(Data items)
• • • • • • •

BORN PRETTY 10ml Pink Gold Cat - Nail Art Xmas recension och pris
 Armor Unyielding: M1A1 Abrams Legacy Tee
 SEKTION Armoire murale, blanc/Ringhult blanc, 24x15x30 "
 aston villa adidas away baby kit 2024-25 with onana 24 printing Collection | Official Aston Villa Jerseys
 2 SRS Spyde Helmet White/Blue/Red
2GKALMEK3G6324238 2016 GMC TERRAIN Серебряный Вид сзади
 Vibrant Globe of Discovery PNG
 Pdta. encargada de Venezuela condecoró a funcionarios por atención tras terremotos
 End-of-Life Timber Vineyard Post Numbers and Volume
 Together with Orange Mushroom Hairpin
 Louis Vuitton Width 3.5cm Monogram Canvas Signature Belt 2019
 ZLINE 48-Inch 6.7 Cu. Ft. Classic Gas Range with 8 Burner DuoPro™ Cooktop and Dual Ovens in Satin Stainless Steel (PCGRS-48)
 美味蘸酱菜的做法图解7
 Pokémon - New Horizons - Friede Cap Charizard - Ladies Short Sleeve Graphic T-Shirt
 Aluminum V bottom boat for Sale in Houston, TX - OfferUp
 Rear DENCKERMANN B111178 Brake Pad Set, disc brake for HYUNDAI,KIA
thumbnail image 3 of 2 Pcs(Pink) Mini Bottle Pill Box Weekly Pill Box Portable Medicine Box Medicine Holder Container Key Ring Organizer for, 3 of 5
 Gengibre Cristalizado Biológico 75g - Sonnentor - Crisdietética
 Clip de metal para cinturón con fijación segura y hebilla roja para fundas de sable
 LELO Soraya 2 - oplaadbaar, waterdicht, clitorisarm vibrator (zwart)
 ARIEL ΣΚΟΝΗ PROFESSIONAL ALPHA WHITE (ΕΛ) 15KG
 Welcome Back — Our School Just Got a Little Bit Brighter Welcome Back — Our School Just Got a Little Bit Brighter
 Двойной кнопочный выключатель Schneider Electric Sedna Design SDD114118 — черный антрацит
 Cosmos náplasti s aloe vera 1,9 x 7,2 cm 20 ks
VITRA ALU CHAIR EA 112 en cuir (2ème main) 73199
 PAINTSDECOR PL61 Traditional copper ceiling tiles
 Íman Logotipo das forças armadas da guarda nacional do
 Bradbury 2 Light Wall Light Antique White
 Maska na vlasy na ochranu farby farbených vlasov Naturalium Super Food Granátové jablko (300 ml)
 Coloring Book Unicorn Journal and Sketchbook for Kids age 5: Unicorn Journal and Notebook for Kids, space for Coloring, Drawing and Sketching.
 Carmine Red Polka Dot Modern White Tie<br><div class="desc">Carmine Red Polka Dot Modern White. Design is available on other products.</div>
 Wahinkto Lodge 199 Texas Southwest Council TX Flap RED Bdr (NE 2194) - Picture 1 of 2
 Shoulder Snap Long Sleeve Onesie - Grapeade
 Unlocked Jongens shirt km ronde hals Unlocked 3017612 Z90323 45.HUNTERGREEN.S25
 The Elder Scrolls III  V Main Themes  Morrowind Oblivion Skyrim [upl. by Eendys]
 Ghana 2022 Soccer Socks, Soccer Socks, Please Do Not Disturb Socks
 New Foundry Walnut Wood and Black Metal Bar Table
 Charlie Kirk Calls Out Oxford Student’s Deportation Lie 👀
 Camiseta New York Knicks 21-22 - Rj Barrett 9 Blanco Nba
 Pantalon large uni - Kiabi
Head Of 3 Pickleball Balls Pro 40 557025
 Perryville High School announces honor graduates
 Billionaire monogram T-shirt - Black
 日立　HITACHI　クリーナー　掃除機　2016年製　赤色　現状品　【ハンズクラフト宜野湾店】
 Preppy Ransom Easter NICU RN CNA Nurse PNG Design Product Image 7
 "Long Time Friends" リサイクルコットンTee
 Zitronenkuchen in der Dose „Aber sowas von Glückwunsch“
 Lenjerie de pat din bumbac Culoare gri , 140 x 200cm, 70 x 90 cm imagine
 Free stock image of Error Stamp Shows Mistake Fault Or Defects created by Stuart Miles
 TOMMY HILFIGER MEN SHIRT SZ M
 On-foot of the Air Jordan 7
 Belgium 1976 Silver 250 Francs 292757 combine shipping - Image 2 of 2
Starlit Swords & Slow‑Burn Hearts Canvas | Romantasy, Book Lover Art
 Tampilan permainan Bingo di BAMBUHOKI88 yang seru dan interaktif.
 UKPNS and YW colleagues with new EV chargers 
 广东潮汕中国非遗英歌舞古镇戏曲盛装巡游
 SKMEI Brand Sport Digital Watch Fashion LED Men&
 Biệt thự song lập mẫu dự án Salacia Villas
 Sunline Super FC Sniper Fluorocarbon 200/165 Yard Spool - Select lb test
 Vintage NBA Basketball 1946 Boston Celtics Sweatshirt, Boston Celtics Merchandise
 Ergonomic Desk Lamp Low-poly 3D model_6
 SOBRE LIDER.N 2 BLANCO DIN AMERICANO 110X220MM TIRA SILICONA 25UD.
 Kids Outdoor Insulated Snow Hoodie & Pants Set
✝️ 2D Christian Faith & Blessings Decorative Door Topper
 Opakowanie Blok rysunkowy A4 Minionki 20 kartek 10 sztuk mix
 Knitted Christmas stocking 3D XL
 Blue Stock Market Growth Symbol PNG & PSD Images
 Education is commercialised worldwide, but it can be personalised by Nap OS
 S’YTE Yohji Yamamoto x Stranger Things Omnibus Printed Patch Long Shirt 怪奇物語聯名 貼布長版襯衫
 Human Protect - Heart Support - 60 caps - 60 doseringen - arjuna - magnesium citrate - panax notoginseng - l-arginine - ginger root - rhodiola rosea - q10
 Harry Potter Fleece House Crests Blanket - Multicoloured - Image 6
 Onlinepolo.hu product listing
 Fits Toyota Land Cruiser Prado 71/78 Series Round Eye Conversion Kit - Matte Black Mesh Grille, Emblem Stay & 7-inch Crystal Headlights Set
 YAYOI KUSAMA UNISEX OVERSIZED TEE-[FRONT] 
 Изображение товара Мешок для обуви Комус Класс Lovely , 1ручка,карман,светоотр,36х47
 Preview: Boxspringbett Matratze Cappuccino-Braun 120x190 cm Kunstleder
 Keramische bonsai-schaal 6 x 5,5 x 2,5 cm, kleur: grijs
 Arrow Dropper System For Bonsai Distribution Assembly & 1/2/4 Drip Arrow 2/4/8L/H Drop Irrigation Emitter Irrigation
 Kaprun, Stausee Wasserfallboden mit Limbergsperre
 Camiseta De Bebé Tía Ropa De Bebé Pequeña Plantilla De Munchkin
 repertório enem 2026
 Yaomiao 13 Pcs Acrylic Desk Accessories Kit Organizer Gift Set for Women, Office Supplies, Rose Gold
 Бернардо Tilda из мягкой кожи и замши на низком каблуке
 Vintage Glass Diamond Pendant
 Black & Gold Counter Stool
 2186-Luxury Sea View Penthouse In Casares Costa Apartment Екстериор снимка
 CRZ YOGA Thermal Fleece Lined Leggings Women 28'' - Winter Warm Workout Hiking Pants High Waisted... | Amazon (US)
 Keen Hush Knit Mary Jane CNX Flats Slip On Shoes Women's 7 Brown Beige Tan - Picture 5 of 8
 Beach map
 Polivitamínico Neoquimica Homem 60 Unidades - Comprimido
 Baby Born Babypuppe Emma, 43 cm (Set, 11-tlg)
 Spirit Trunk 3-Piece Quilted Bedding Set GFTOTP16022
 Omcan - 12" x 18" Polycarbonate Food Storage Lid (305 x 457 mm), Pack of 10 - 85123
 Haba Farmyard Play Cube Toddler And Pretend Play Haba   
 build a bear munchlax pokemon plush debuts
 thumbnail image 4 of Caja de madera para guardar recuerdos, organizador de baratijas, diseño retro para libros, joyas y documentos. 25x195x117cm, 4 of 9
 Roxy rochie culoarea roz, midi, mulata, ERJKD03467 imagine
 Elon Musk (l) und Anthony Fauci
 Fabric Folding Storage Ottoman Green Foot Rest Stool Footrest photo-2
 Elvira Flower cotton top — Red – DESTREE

• • • • • • •

Show the lines above that include "Food".

 Maska na vlasy na ochranu farby farbených vlasov Naturalium Super Food Granátové jablko (300 ml)
 Omcan - 12" x 18" Polycarbonate Food Storage Lid (305 x 457 mm), Pack of 10 - 85123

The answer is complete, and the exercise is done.